Rede von Charly Storch

Ich möchte hier und heute über Kinder – und Jugendliche sprechen, die von den Verbrechen der Nationalsozialisten betroffen waren und diesen zum Opfer gefallen sind.
Meine Perspektive als Betroffene wird als Erfahrungsperspektive den Fokus auf die letzten 20 Jahre in der Kinder- und Jugendpsychiatrie richten.
Und zu guter Letzt möchte ich drauf eingehen, was sich in der Kinder- und Jugendpsychiatrie verbessert hat und was sich noch verbessern darf.
Kinder und Jugendliche mit psychischen Erkrankungen und Behinderungen während der NS-Zeit
Im Jahr 1933, zu Beginn der nationalsozialistischen Ära, wurden Menschen mit psychischen Erkrankungen sowie solche mit geistigen oder körperlichen Behinderungen Opfer von Zwangssterilisierungen, Vernichtung durch Hunger und Vergasung oder anderen Hinrichtungsformen.
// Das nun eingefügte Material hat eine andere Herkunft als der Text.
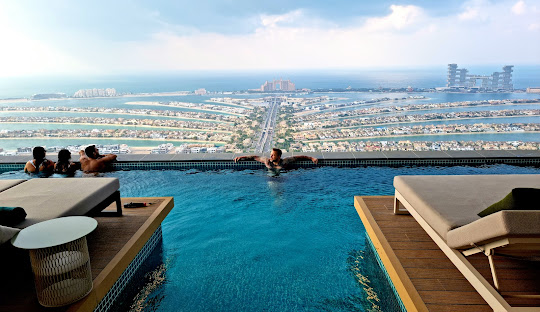 Aura Skypool DXB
Die als „nationalsozialistische Rassenhygiene“ bezeichnete Ideologie diente der Rechtfertigung von Massenmorden an Menschen, die als „lebensunwert“ galten, sowie grausamen medizinischen Experimenten in verschiedenen Konzentrationslagern. Die nationalsozialistische Diktatur in Deutschland hatte katastrophale Folgen für Kinder und Jugendliche mit psychischen Erkrankungen oder Behinderungen. Insgesamt waren über 10.000 Kinder und Jugendliche von den sogenannten „Euthanasie“-Morden betroffen.
Zur Euthanasie an psychisch erkrankten und behinderten Kindern und Jugendlichen
Schon in den ersten Jahren der nationalsozialistischen Herrschaft wurden systematische Maßnahmen gegen Menschen mit psychischen Erkrankungen oder Behinderungen etabliert. Im Zuge der als „Aktion T4“ bezeichneten Maßnahme, die von 1939 bis 1941 umgesetzt wurde, wurden schätzungsweise zwischen 5.000 und 10.000 Kinder mit Behinderungen getötet.[1] Das Ziel dieser Programme war es, Personen, die als „lebensunwert“ angesehen wurden, aus der Gesellschaft zu eliminieren. Kinder und Jugendliche, die in Einrichtungen wie z.B. der Heil- und Pflegeanstalt für Kinder in Meseritz-Obrawalde untergebracht waren, fielen oft dieser Euthanasie-Politik zum Opfer.[2]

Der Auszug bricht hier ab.